É possível identificar o ponto de divisão narrativa em The Town That Drove Away que intensifica sua proposta. A partir de sua abertura, as imagens exploram as paisagens de Hasankeyf como pinturas. As cenas sempre parecem em movimento junto com os animais e a cidade, as pessoas caminham, as cores decoram seus lares e roupas. Há uma vida diferente a ser registrada, que passa a se apertar entre os tratores. Homens reclamam da destruição, equipamentos de som passam mensagens sobre a realocação da população e um sorteio de novos apartamentos para as famílias. Todos são instruídos a se organizarem o quanto antes pois, após a mudança, não poderão mais retornar. 


A câmera se une ao movimento orgânico das coisas, por vezes são animais em rebanhos, paralelamente aos avisos de que eles não poderão ser levados à nova cidade, apenas os de pequeno porte e domésticos. Em outros momentos, tratores parecem empurrar pessoas, com o som estridente de seus movimentos invadindo o cotidiano dos moradores. Há uma opressão ironicamente silenciosa, em que pessoas parecem abaixar as cabeças tristemente conformadas com a imposição, enquanto um ou outro revelam suas revoltas, mas pouco podem fazer. A presença dos equipamentos de destruição é a metáfora a poderes maiores que pretendem enterrar a história e esperam apenas submissão em troca.


Quando todos saem de Hasankeyf, agora chamada de Velha Hasankeyf, The Town That Drove Away permanece observando sua paisagem até que a última luz se apague, literalmente. Há uma sensibilidade muito única nesse registro, de cineastas que não se colocam na narrativa, mas captam sua importância e seu pesar de forma muito sublime. 


Ao chegar na nova cidade, o movimento tão natural que o filme transmitia em suas cenas, cessa. A sensação que as imagens passam a partir desse momento é de pura estagnação e esterilidade. As casas agora são padronizadas, não há cor nem vida e, visto de cima, o lugar se assemelha a uma maquete, um projeto puramente burocrático, sem passado, nem história. Os equipamentos de som avisam que as casas não podem ser modificadas, sublinhando que aquelas pessoas não possuem os imóveis, apenas residem neles. As árvores ainda estão para ser plantadas, novamente seguindo um padrão.

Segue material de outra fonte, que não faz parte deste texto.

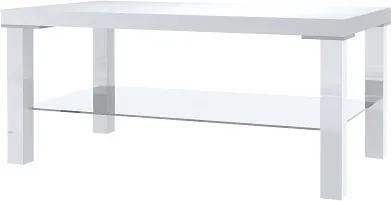 Biely konferenčný stolík 90 x 45 cm so sklenenou policou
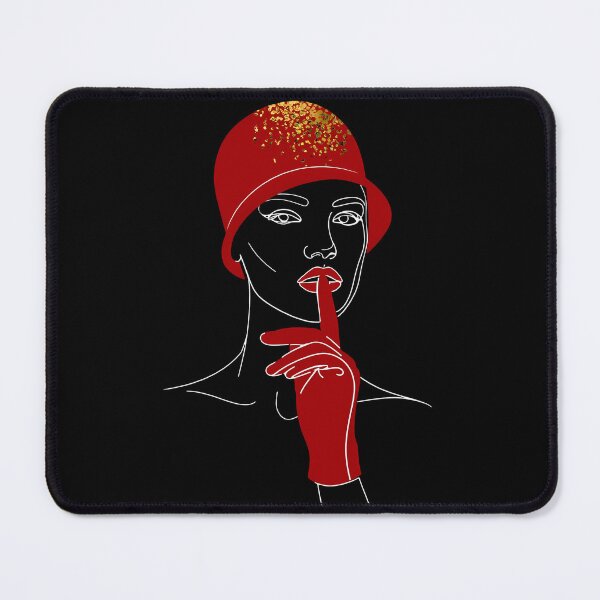 Item preview, Minimalist Woman Line Art Red Hat Elegant Face Illustration designed and sold by jo-e-basta.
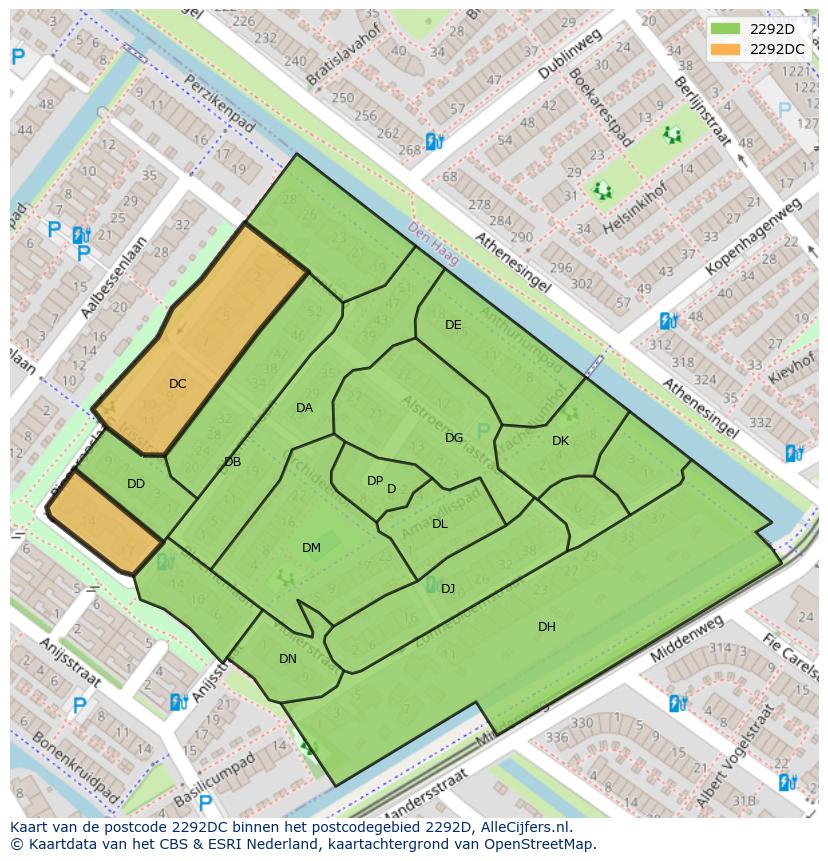Afbeelding van het postcodegebied 2292 DC op de kaart.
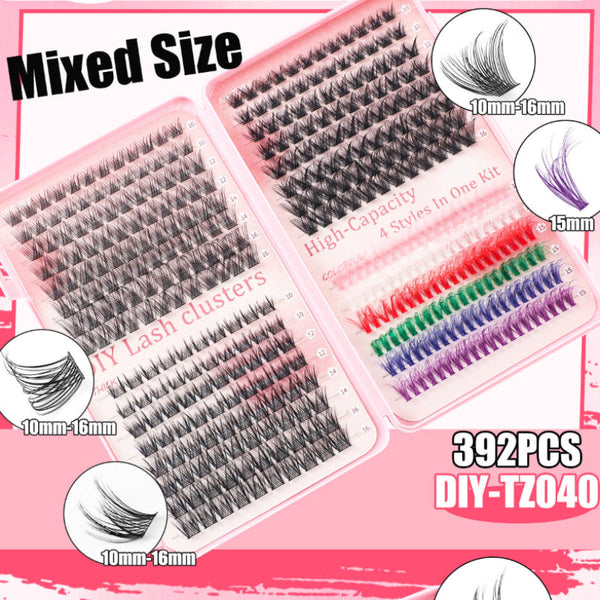 Elosung 392 Eyelashes Set Diy Lash Clusters Kit High Capacity 4 Styles With Black And Colorful Lashes Eyelash Extensions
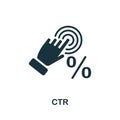 Ctr flat icon. Colored element sign from marketing collection. Flat Ctr icon sign for web design, infographics and more. Royalty Free Stock Photo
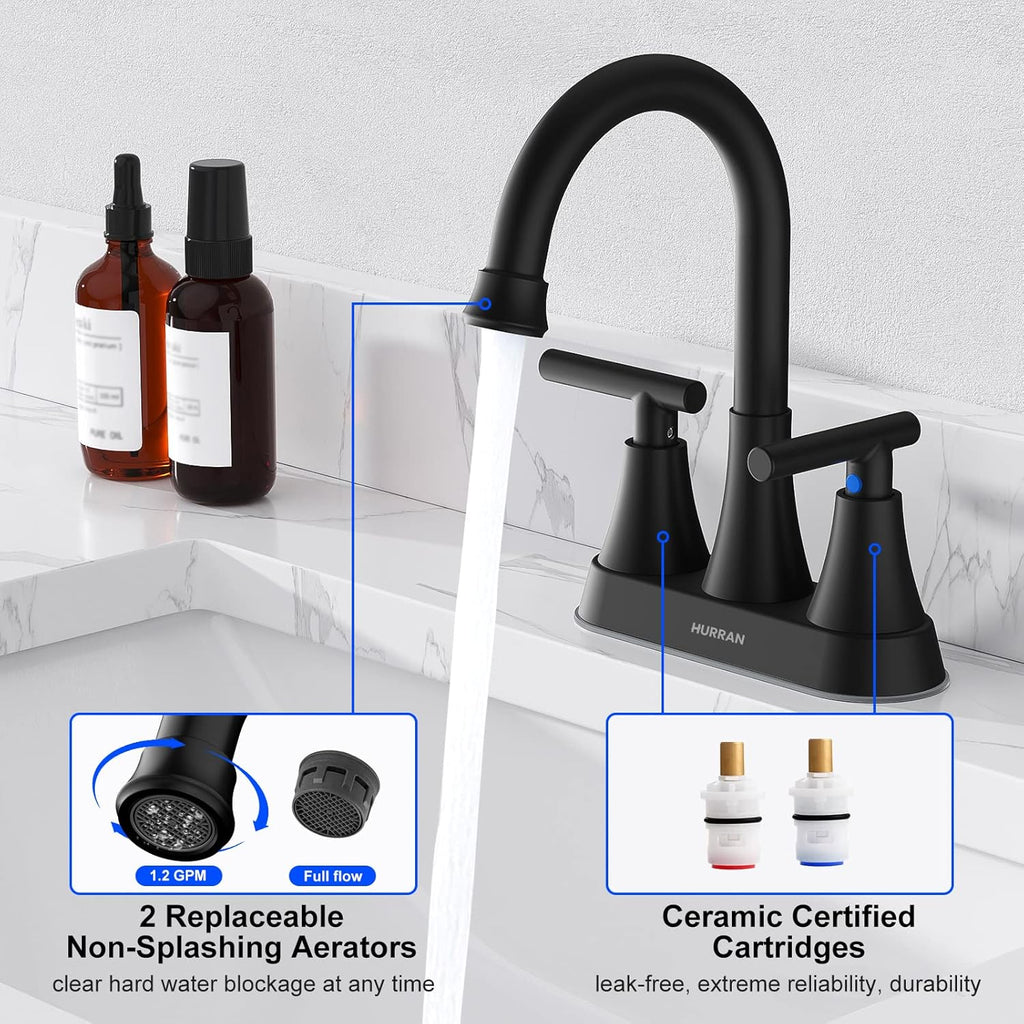 Bathroom Faucets for Sink 3 Hole, Hurran 4 inch Matte Black with Pop-up Drain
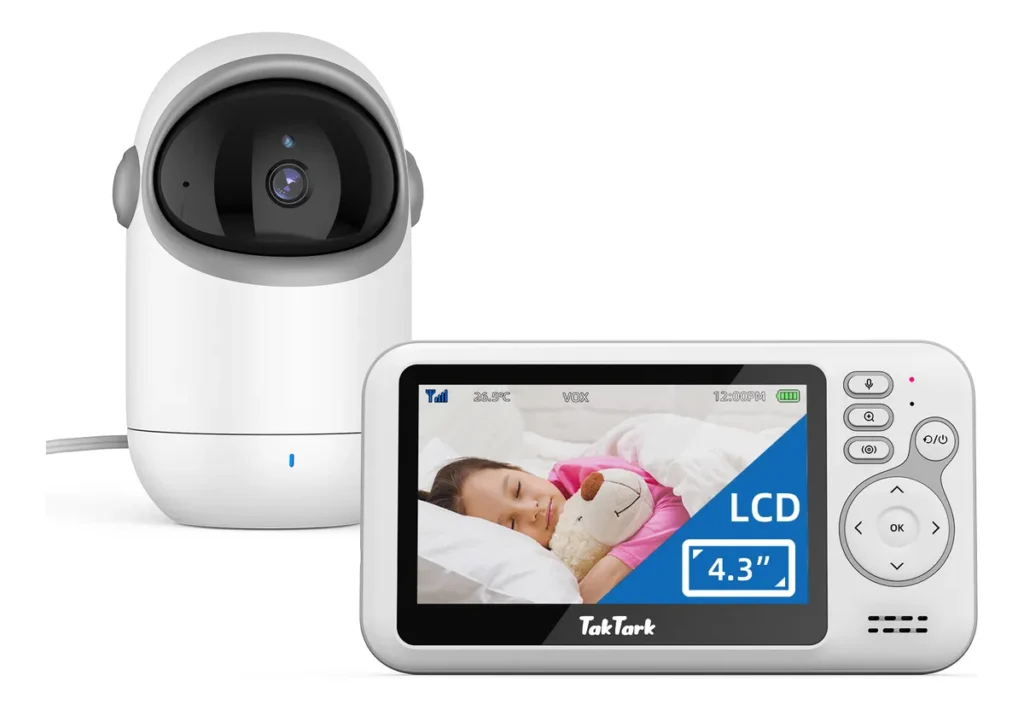 Babá Eletrônica Com Monitor Do Bebê Taktark Bm812 Zoom 3x 127/220v Branco
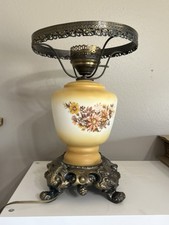 Vintage Hurricane Gone With The Wind Electric Lamp Brown Yellow Daisies BaseOnly
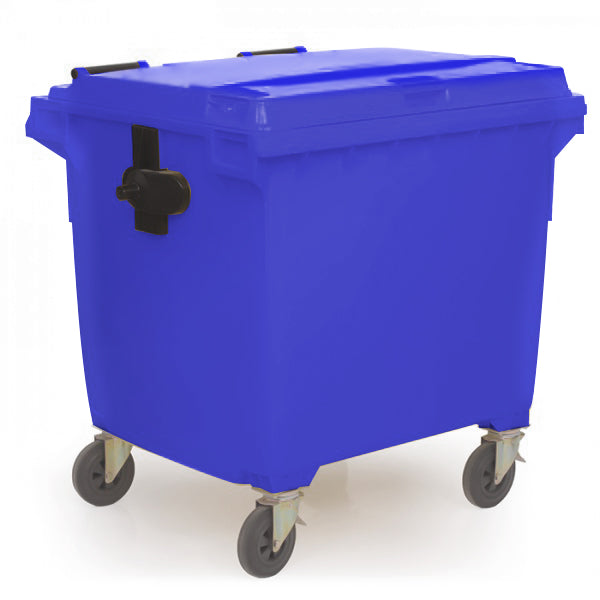 Compactor wheeled waste bin blue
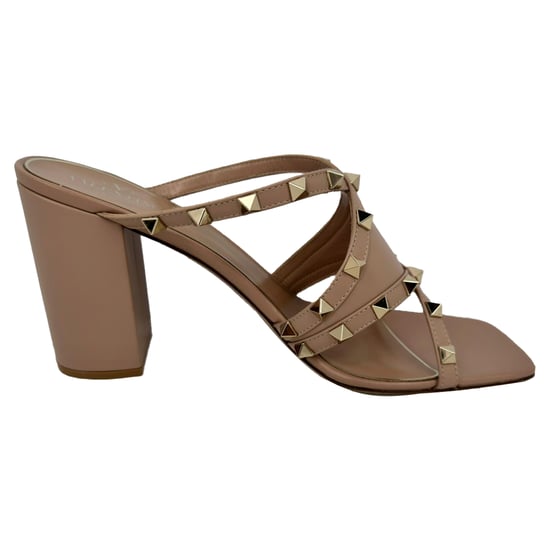 Valentino Garavani Rockstud Hakmuiltjes in Beige Leer - Image 1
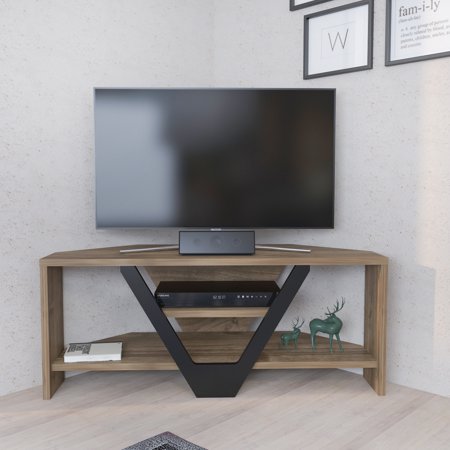 Modern corner TV unit in oud oak and black, featuring a sleek design with a triangular base, suitable for TVs up to 40 inches, with open shelves for media storage.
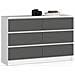 Cassettiera K120, 6 cassetti, 120x40x77 cm, Colore Bianco e Grigio Grafite - Foto miniatura 1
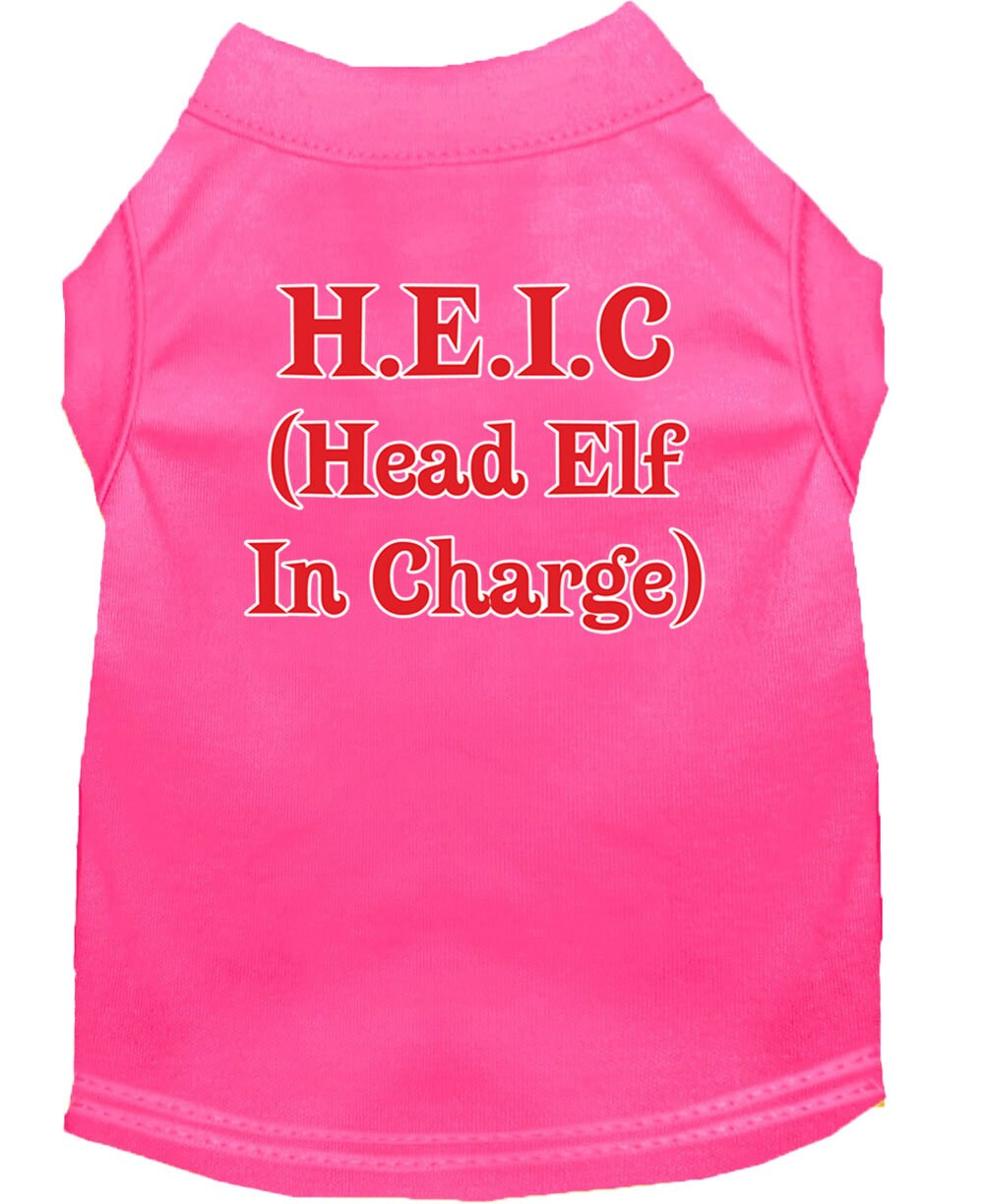 A festive Christmas dog shirt featuring the text 'Head Elf In Charge', designed for comfort and style.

O contraste muito bem estabelecido pela condução de The Town That Drove Away traduz a morte de uma cidade que era lar, herança e tradição, para que o novo lugar seja apenas prático, voltado a cumprir funções. Casas são para se morar, não para viver. Árvores são para criar sombras, não parte fundamental da paisagem. Animais são domésticos e não existem mais para o cultivo, alimento e trabalho das famílias. Quando o tempo passa, as pessoas parecem infelizes, assim como as cenas amplas mostram a diferença entre uma paisagem que se tornou memória e outra que é emprestada e monocromática. A água cobre as ruínas que foram por mais de 10 mil anos as vidas de tantas famílias, enquanto o governo comemora os feitos em sons que atravessam as janelas e se misturam aos da televisão. Tudo é parado, tudo é lamento. 


Grzegorz Piekarski e Natalia Pietsch fazem suas imagens falarem por eles e com pouco mais de uma hora, deixam muito claro como a história da humanidade não pode ser realocada, apenas destruída e substituída por uma maquete plástica. São os rostos e vidas mostrados em The Town That Drove Away que trazem a força da resistência da última luz que se apaga e a dor de os ver sem alternativa, guardando apenas na lembrança tudo que foram obrigados a deixar para trás.